WHAT THIS TASK INVOLVES
Reproduce the data exactly.

── PROVIDED RECORDS ──

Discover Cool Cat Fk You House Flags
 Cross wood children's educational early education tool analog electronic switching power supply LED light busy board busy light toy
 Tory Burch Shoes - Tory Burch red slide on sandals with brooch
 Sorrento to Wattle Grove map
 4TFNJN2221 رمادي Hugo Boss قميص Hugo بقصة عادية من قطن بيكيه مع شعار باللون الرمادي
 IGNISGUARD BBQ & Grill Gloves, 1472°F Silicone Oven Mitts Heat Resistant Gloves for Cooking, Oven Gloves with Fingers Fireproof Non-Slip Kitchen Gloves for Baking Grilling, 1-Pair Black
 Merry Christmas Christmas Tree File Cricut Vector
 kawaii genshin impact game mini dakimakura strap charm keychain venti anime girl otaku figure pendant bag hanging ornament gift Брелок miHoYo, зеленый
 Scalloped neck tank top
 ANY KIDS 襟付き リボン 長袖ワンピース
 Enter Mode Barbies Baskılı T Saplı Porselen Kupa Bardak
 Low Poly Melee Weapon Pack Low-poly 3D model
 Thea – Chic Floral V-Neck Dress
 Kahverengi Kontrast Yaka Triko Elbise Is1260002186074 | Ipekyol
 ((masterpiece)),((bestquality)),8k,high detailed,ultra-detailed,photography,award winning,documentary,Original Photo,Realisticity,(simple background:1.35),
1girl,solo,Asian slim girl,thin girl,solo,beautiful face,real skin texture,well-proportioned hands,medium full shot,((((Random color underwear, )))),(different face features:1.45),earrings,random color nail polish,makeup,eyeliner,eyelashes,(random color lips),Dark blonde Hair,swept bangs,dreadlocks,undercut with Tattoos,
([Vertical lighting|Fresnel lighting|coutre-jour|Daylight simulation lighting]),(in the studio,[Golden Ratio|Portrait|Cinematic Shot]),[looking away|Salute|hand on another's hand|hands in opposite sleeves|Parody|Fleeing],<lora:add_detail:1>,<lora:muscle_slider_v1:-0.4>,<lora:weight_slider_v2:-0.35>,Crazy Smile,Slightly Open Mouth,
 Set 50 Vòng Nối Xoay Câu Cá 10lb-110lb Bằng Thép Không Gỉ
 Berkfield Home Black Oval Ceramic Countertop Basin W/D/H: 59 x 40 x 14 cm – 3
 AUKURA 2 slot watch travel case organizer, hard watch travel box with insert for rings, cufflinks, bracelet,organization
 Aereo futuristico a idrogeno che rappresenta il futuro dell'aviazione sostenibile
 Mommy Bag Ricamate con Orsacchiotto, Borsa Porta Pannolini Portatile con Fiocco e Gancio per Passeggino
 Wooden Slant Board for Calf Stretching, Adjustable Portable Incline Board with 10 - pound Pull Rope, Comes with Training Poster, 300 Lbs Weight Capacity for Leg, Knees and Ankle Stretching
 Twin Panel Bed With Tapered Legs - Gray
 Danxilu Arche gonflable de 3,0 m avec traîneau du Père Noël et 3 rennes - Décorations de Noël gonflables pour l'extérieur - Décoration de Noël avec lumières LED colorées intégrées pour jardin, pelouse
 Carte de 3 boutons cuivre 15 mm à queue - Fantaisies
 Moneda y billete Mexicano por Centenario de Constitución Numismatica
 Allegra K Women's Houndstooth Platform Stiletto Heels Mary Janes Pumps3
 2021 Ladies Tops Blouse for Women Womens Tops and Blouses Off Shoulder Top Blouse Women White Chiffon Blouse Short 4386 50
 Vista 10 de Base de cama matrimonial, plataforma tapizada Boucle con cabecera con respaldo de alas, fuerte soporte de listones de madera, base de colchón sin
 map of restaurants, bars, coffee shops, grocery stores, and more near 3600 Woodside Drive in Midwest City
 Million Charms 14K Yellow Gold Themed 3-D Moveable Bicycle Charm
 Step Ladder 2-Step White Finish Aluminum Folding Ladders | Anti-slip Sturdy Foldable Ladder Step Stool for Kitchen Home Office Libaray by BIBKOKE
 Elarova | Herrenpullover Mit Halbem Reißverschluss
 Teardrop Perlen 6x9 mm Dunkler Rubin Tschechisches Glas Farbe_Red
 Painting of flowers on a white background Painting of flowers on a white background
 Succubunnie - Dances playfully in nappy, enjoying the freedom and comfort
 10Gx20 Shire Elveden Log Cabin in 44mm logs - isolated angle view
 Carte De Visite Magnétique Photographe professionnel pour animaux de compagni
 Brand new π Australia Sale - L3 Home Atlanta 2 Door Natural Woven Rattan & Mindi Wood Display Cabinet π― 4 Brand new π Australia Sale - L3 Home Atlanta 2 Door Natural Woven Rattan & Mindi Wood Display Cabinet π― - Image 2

───

SOLVED PROBLEM
Discover Cool Cat Fk You House Flags
 Cross wood children's educational early education tool analog electronic switching power supply LED light busy board busy light toy
 Tory Burch Shoes - Tory Burch red slide on sandals with brooch
 Sorrento to Wattle Grove map
 4TFNJN2221 رمادي Hugo Boss قميص Hugo بقصة عادية من قطن بيكيه مع شعار باللون الرمادي
 IGNISGUARD BBQ & Grill Gloves, 1472°F Silicone Oven Mitts Heat Resistant Gloves for Cooking, Oven Gloves with Fingers Fireproof Non-Slip Kitchen Gloves for Baking Grilling, 1-Pair Black
 Merry Christmas Christmas Tree File Cricut Vector
 kawaii genshin impact game mini dakimakura strap charm keychain venti anime girl otaku figure pendant bag hanging ornament gift Брелок miHoYo, зеленый
 Scalloped neck tank top
 ANY KIDS 襟付き リボン 長袖ワンピース
 Enter Mode Barbies Baskılı T Saplı Porselen Kupa Bardak
 Low Poly Melee Weapon Pack Low-poly 3D model
 Thea – Chic Floral V-Neck Dress
 Kahverengi Kontrast Yaka Triko Elbise Is1260002186074 | Ipekyol
 ((masterpiece)),((bestquality)),8k,high detailed,ultra-detailed,photography,award winning,documentary,Original Photo,Realisticity,(simple background:1.35),
1girl,solo,Asian slim girl,thin girl,solo,beautiful face,real skin texture,well-proportioned hands,medium full shot,((((Random color underwear, )))),(different face features:1.45),earrings,random color nail polish,makeup,eyeliner,eyelashes,(random color lips),Dark blonde Hair,swept bangs,dreadlocks,undercut with Tattoos,
([Vertical lighting|Fresnel lighting|coutre-jour|Daylight simulation lighting]),(in the studio,[Golden Ratio|Portrait|Cinematic Shot]),[looking away|Salute|hand on another's hand|hands in opposite sleeves|Parody|Fleeing],<lora:add_detail:1>,<lora:muscle_slider_v1:-0.4>,<lora:weight_slider_v2:-0.35>,Crazy Smile,Slightly Open Mouth,
 Set 50 Vòng Nối Xoay Câu Cá 10lb-110lb Bằng Thép Không Gỉ
 Berkfield Home Black Oval Ceramic Countertop Basin W/D/H: 59 x 40 x 14 cm – 3
 AUKURA 2 slot watch travel case organizer, hard watch travel box with insert for rings, cufflinks, bracelet,organization
 Aereo futuristico a idrogeno che rappresenta il futuro dell'aviazione sostenibile
 Mommy Bag Ricamate con Orsacchiotto, Borsa Porta Pannolini Portatile con Fiocco e Gancio per Passeggino
 Wooden Slant Board for Calf Stretching, Adjustable Portable Incline Board with 10 - pound Pull Rope, Comes with Training Poster, 300 Lbs Weight Capacity for Leg, Knees and Ankle Stretching
 Twin Panel Bed With Tapered Legs - Gray
 Danxilu Arche gonflable de 3,0 m avec traîneau du Père Noël et 3 rennes - Décorations de Noël gonflables pour l'extérieur - Décoration de Noël avec lumières LED colorées intégrées pour jardin, pelouse
 Carte de 3 boutons cuivre 15 mm à queue - Fantaisies
 Moneda y billete Mexicano por Centenario de Constitución Numismatica
 Allegra K Women's Houndstooth Platform Stiletto Heels Mary Janes Pumps3
 2021 Ladies Tops Blouse for Women Womens Tops and Blouses Off Shoulder Top Blouse Women White Chiffon Blouse Short 4386 50
 Vista 10 de Base de cama matrimonial, plataforma tapizada Boucle con cabecera con respaldo de alas, fuerte soporte de listones de madera, base de colchón sin
 map of restaurants, bars, coffee shops, grocery stores, and more near 3600 Woodside Drive in Midwest City
 Million Charms 14K Yellow Gold Themed 3-D Moveable Bicycle Charm
 Step Ladder 2-Step White Finish Aluminum Folding Ladders | Anti-slip Sturdy Foldable Ladder Step Stool for Kitchen Home Office Libaray by BIBKOKE
 Elarova | Herrenpullover Mit Halbem Reißverschluss
 Teardrop Perlen 6x9 mm Dunkler Rubin Tschechisches Glas Farbe_Red
 Painting of flowers on a white background Painting of flowers on a white background
 Succubunnie - Dances playfully in nappy, enjoying the freedom and comfort
 10Gx20 Shire Elveden Log Cabin in 44mm logs - isolated angle view
 Carte De Visite Magnétique Photographe professionnel pour animaux de compagni
 Brand new π Australia Sale - L3 Home Atlanta 2 Door Natural Woven Rattan & Mindi Wood Display Cabinet π― 4 Brand new π Australia Sale - L3 Home Atlanta 2 Door Natural Woven Rattan & Mindi Wood Display Cabinet π― - Image 2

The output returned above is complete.